[Source data]

#####

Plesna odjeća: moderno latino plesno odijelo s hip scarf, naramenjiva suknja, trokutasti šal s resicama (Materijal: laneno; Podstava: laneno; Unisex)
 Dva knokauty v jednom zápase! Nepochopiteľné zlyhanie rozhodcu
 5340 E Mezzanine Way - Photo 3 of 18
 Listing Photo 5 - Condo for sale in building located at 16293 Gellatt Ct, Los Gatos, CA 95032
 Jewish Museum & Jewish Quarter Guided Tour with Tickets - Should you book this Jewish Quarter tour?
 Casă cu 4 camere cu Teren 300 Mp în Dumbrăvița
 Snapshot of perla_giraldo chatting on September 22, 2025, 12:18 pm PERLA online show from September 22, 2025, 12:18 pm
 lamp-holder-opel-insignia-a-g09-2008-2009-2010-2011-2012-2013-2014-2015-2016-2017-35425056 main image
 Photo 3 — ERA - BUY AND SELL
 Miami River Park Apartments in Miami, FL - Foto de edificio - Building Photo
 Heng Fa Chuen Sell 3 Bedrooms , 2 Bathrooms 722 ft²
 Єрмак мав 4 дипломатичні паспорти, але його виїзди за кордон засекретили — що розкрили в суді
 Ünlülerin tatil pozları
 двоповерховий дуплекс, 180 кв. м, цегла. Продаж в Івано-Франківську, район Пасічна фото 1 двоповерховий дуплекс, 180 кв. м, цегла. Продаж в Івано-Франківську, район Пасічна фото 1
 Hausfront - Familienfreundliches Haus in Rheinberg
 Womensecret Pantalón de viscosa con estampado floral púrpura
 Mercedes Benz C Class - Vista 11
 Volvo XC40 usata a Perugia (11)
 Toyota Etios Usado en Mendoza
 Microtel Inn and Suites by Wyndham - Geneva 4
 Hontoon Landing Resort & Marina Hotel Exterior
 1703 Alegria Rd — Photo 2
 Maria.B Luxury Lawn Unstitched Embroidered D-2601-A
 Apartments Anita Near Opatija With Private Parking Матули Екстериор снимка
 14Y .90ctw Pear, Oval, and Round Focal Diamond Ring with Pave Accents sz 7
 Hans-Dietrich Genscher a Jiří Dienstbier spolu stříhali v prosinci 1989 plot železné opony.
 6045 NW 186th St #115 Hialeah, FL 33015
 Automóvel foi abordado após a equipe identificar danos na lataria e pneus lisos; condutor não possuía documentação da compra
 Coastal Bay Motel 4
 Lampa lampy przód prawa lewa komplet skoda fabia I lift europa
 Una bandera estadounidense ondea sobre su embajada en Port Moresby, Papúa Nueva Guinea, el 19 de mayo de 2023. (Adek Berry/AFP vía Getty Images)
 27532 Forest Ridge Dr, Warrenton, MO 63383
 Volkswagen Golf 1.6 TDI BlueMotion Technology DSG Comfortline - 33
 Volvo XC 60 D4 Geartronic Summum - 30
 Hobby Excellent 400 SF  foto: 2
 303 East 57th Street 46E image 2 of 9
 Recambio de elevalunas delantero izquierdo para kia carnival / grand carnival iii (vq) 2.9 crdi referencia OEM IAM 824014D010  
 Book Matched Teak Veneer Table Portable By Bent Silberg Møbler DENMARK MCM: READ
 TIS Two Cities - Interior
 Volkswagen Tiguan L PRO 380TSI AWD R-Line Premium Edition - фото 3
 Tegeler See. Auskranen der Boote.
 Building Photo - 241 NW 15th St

#####

## EXERCISE AIM
Wherever a line holds the word "Volvo", copy that line out of the entries above.

## PROBLEM SOLUTION
 Volvo XC40 usata a Perugia (11)
 Volvo XC 60 D4 Geartronic Summum - 30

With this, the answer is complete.